The main difference and challenge lies in how to assign win probabilities of each individual game. How do you adjust for playing with white or black, and how much emphasis do you place on ratings? For the chess championship I used historical match data to assign probabilities of winning, drawing and losing with white, but that is harder to do in a tournament setting. As stated, matches and tournaments are fundamentally different.
What I did instead was to try to personalize each parameter, which means that I wanted to look at how each player has performed when playing with either white or black. To do this, I downloaded all of each player’s games that are listed on 365chess.com and performed an individual analysis. I included games played since January 2011 while excluding blindfolded, rapid and blitz games. This gave me an idea of how each player performs with each color. Here are the statistics for each player in the GRENKE Chess Classic while playing as white, sorted by rating:
White Player | Win | Draw | Loss |
Carlsen | 49,3 % | 41,2 % | 9,6 % |
Caruana | 49,6 % | 38,8 % | 11,6 % |
Anand | 27,9 % | 59,5 % | 12,6 % |
Aronian | 38,0 % | 51,8 % | 10,2 % |
Adams | 41,3 % | 50,4 % | 8,3 % |
Bacrot | 45,9 % | 44,0 % | 10,0 % |
Naiditsch | 54,8 % | 30,5 % | 14,8 % |
Baramidze | 39,2 % | 46,8 % | 13,9 % |
And while playing with black:
Black Player | Win | Draw | Loss |
Carlsen | 30,2 % | 63,6 % | 6,2 % |
Caruana | 27,8 % | 55,1 % | 17,2 % |
Anand | 21,1 % | 67,0 % | 11,9 % |
Aronian | 20,5 % | 62,0 % | 17,5 % |
Adams | 22,5 % | 62,5 % | 15,0 % |
Bacrot | 27,1 % | 55,6 % | 17,3 % |
Naiditsch | 39,5 % | 37,8 % | 22,7 % |
Baramidze | 23,3 % | 54,4 % | 22,2 % |
As can be seen, there are some individual differences in playing styles. Magnus Carlsen hardly ever loses a game, while Naiditsch only ties about one third of the time. Anand on the other hand, draws a lot (which is in part due to playing a lot of championship matches, where draws are more common.) So what happens when Anand and Naiditsch play each other? On the one hand we expect Anand to draw, while on the other we expect Naiditsch not to draw. And then there is the question of rating differences. On January 30th, when setting the basics for the model, the players were rated as follows:
Player | Rating |
Carlsen | 2865 |
Caruana | 2811 |
Anand | 2797 |
Aronian | 2777 |
Adams | 2738 |
Bacrot | 2711 |
Naiditsch | 2706 |
Baramidze | 2594 |
As during the chess championships, I can use chess-db.com to find the probability of winning a game based on the players’ ratings.

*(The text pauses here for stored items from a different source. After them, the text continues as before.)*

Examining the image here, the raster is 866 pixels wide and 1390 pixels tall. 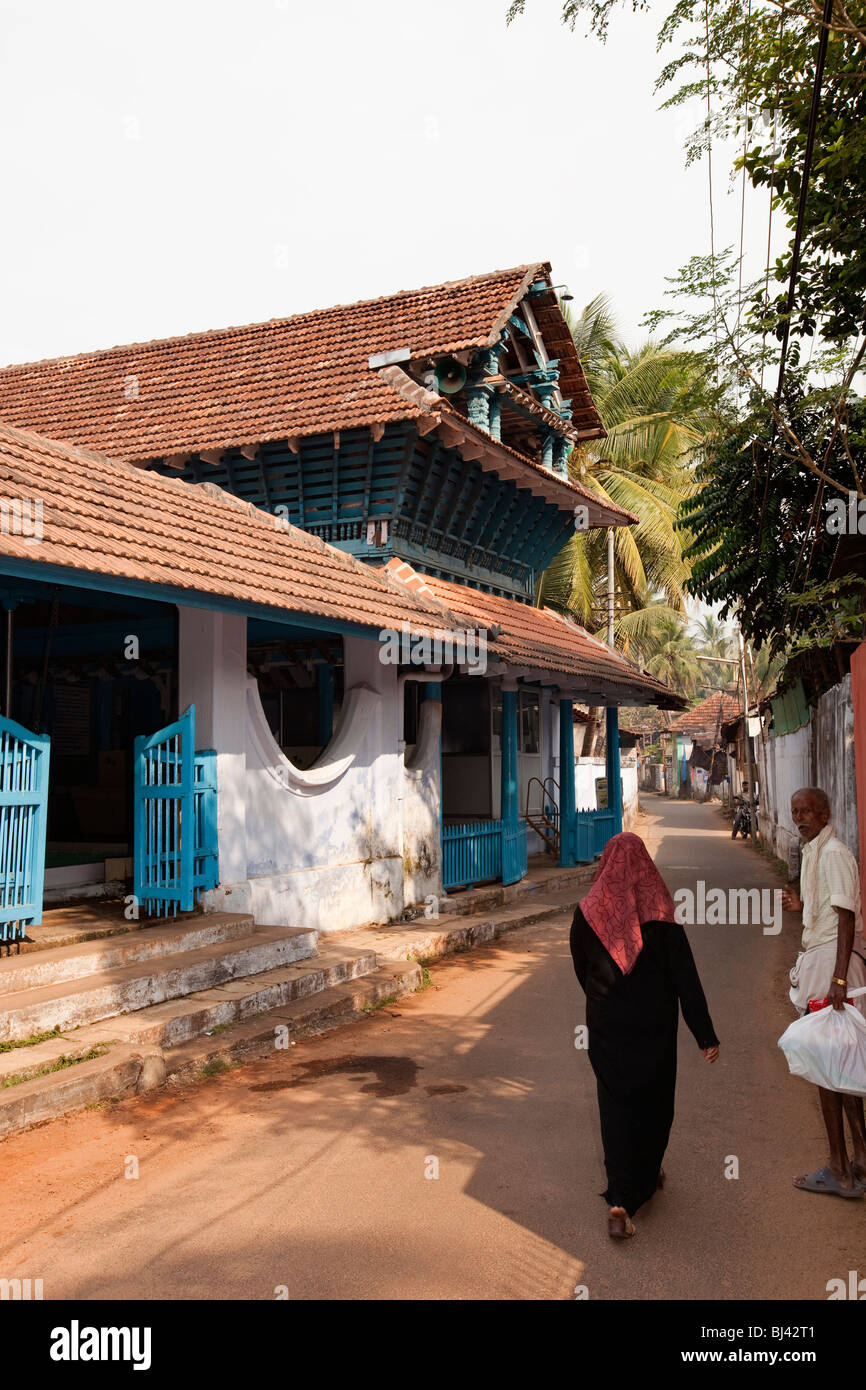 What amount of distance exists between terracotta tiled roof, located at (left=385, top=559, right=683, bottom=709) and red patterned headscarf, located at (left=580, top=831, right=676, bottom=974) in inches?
276

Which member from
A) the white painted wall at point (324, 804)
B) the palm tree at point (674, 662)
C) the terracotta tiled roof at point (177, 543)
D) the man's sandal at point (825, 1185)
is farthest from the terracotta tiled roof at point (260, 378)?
the palm tree at point (674, 662)

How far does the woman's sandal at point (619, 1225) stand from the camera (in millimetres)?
3980

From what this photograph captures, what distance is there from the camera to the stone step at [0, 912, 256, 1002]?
623cm

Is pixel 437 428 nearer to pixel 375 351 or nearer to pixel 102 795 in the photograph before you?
pixel 375 351

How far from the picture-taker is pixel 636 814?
125ft

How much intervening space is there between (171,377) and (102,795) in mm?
7677

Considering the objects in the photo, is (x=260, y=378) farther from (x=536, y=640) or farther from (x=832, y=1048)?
(x=832, y=1048)

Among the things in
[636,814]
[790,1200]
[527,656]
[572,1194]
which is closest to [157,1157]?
[572,1194]

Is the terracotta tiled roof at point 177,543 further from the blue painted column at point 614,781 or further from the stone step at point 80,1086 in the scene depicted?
the blue painted column at point 614,781

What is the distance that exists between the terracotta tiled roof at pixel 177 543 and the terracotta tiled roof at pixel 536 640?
1281mm

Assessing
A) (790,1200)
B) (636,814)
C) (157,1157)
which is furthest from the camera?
(636,814)

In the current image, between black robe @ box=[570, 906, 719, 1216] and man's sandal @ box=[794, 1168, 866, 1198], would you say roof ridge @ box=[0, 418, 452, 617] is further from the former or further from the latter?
man's sandal @ box=[794, 1168, 866, 1198]

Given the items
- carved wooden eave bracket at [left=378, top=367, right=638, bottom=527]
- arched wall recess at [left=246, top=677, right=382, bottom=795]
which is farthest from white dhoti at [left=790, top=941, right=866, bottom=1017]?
carved wooden eave bracket at [left=378, top=367, right=638, bottom=527]

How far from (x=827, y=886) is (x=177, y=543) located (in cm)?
551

My approach to assigning probabilities of the outcomes of each individual game was then simply to calculate the average of the probabilities of each outcome based on the player with white, the player with black, and the probability based on their rating. As an example, here is the calculation for Magnus Carlsen’s first game against Levon Aronian:
Assumption | White win | Draw | Black win |
Aronian white | 38,0 % | 51,8 % | 10,2 % |
Carlsen black | 6,2 % | 63,6 % | 30,2 % |
Rating | 14,4 % | 47,1 % | 38,4 % |
Average | 19,5 % | 54,2 % | 26,3 % |
To simulate the outcome of the game, the random number generator would assign a number between 0 and 1, and if that number was less than 0.195, then it would score a point for Aronian, if it was between 0.195 and 0.737 then each player would get 0.5 points, and a number greater than 0.737 would score a point for Carlsen.

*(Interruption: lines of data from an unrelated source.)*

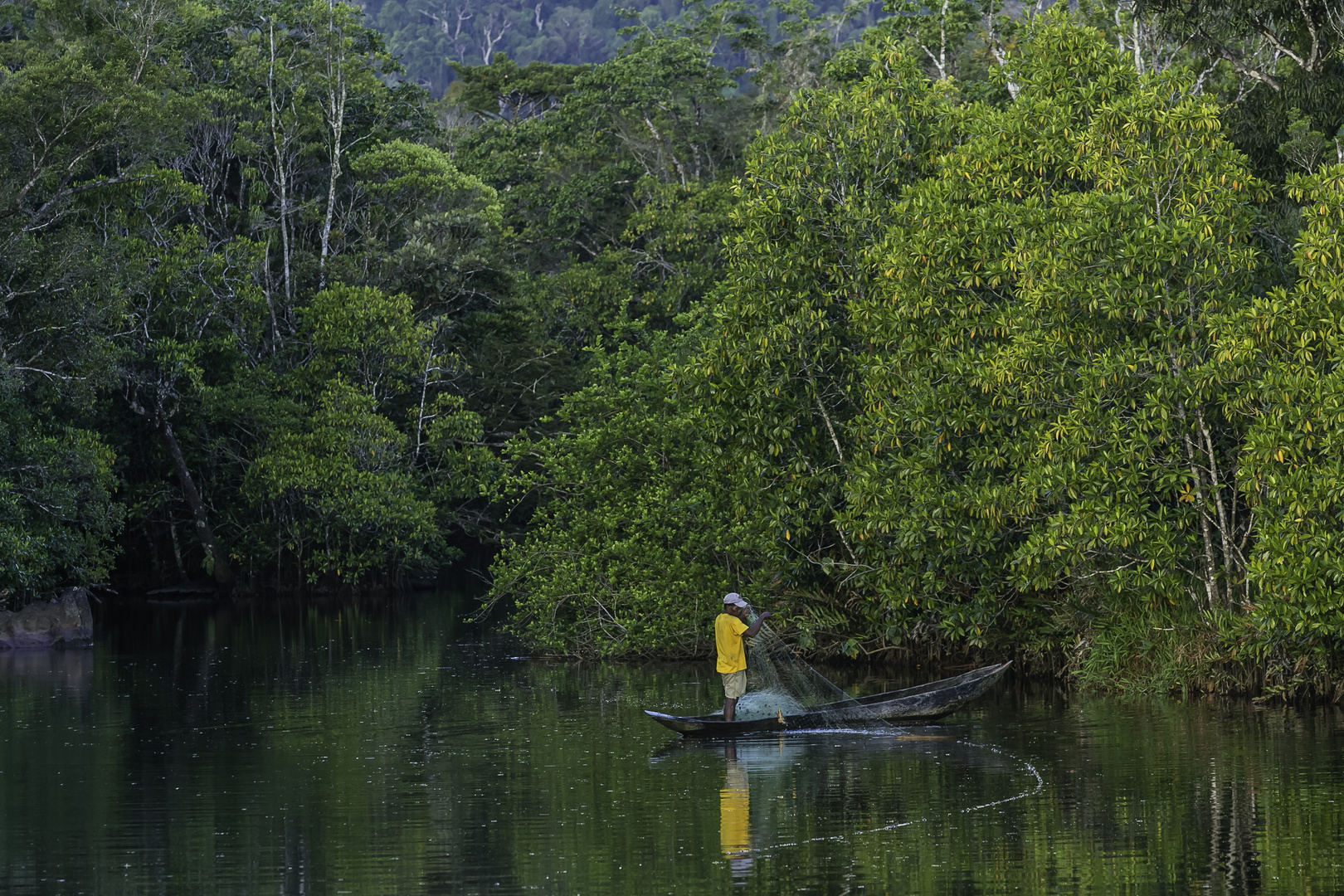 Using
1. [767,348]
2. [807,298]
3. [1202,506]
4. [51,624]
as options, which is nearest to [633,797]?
[1202,506]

Having done that for all 28 games, 10,000 times, the most likely outcome of the tournament is:
A 2-player tie-break. Followed by Magnus Carlsen and then Fabiano Caruana. Here is the distribution of likely outcomes:
In most of the pre-draw test simulations, Magnus Carlsen as the sole winner was the most likely outcome. One reason why this changed in the actual simulation is due to a pretty bad draw for him. Not only does he have to play 4 games with the black pieces, but he has to play black against Caruana, Anand and Aronian, the three highest rated players except himself. A more in-depth analysis of the outcomes to follow. Let the games begin!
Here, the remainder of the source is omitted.